### Material for this exercise
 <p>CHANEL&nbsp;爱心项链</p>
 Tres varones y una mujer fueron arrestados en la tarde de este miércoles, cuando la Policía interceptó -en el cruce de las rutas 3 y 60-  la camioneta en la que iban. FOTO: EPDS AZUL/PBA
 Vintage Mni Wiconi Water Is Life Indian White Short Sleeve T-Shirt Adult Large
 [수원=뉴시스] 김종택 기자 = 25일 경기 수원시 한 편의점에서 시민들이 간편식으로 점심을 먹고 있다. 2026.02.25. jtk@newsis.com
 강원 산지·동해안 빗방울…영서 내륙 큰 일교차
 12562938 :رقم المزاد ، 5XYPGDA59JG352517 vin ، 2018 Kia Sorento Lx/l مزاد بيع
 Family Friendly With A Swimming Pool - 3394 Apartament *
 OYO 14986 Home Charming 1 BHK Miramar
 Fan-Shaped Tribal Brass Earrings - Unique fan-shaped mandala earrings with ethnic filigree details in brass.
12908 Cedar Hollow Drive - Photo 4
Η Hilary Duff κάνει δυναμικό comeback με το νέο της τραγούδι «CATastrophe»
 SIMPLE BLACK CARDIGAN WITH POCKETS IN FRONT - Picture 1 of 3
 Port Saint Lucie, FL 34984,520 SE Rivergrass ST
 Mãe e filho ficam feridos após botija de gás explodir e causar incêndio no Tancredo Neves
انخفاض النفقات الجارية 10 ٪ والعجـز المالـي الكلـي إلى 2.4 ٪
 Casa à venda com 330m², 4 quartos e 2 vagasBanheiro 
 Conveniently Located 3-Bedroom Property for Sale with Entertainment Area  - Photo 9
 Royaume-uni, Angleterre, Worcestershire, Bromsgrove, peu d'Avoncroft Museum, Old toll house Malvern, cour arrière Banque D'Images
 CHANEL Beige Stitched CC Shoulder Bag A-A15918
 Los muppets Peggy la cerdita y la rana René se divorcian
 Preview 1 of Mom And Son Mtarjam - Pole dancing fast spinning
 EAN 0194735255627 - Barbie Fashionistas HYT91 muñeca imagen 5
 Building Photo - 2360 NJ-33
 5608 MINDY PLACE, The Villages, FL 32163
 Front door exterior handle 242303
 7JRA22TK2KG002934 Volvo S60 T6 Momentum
######
Aim of the exercise: Filter by the word "Photo": copy every line of the data that holds it.

Solution for this problem:
12908 Cedar Hollow Drive - Photo 4
 Conveniently Located 3-Bedroom Property for Sale with Entertainment Area  - Photo 9
 Building Photo - 2360 NJ-33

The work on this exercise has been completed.